Für wirtschaftliche Stabilität sorgen nicht nur Controllingprogramme, sondern auch der richtige Umgang mit den Mitarbeitern. Kerstin Eisenschmidt, Geschäftsführerin der Eisenschmidt Consulting Crew in Kiel, die zahlreiche Architekten berät: „Sonst ist dafür oft wenig Zeit, in Krisenzeiten ist sie da. Arbeiten Sie daran, die Zufriedenheit in Ihrem Büro, die Leistungsfähigkeit und die Kompetenz zu erhöhen.

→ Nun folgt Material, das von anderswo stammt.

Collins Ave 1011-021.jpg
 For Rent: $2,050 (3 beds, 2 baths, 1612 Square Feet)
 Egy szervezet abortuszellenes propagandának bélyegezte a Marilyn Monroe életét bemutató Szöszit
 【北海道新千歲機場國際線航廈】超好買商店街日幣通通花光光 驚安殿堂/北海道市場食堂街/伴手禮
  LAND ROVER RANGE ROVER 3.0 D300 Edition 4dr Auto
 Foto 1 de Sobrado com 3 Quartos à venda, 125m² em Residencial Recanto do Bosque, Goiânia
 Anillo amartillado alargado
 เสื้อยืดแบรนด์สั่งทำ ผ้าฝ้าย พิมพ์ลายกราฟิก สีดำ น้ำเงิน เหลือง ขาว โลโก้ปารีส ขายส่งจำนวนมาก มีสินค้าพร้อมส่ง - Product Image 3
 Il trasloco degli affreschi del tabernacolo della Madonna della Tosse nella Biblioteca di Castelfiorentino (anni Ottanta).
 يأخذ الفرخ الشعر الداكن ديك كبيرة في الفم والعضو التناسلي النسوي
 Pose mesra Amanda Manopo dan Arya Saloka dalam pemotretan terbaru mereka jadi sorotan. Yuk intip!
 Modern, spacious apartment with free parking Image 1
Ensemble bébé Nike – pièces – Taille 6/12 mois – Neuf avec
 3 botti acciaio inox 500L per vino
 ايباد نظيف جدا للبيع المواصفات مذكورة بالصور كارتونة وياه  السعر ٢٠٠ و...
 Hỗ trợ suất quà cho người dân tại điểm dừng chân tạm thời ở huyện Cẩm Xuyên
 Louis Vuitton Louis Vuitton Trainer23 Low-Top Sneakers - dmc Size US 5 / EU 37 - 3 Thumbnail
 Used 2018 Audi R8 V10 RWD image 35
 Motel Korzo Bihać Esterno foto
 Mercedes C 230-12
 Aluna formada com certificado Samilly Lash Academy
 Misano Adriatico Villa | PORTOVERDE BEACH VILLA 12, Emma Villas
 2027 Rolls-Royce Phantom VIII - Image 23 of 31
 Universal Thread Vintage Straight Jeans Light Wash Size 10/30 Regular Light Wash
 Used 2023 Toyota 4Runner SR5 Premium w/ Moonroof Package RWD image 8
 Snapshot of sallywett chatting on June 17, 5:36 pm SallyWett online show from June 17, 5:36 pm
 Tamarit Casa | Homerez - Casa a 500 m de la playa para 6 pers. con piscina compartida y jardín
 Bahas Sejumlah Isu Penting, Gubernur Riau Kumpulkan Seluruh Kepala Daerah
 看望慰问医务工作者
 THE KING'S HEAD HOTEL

Das wird sich später auszahlen.“ Für die Mitarbeiter sei es wichtig zu wissen, wie es um das Büro steht, sodass jeder für sich Verantwortung übernehmen kann. Informationen über die wirtschaftliche Entwicklung und auch über ihre Strategie sollten offen sein, empfiehlt Eisenschmidt. Für Leistungsträger gilt: sie identifizieren und im Büro halten! „Bieten Sie etwas an: Mitbestimmung, mehr Verantwortung, Aufstiegsmöglichkeiten, eine Beteiligung am Unternehmen oder die Einbeziehung in die Strategieplanung.“
Natürlich ist die Strategie in erster Linie die Aufgabe der Geschäftsleitung, aber keiner sagt, dass Sie auf Ideen von anderen verzichten müssen. Eisenschmidt: „Das zukunftsfähige Büro lebt nicht mehr ausschließlich von den Überlegungen des Inhabers oder der Inhaberin, sondern es ist vernetzt und nutzt dies auch.“
Mitarbeit: Claudia Galgenmüller.
Was tun in der Krise?
Krise als Chance nutzen, um Dinge zu tun, zu denen normalerweise keine Zeit bleibt:
- Büroorganisation (unter anderem alte Modelle/Pläne entfernen, Ablage, Rechnungsmanagement)
- In Weiterbildung investieren (unter anderem Kammerauflagen erfüllen, Wissen über neue Bauvorschriften, neue Software, Büroorganisation etc. aneignen)
- Image pflegen/Strategien erarbeiten (Visionen entwickeln, Büroentwicklung)
- Marketing und Öffentlichkeitsarbeit verbessern (unter anderem Stärken-Schwächen-Analyse, Produkt-/Aufgabenspektrum überprüfen, Referenzmappe aktualisieren, Messen besuchen, Kontakte knüpfen, Homepage aktualisieren, Pressearbeit aktivieren)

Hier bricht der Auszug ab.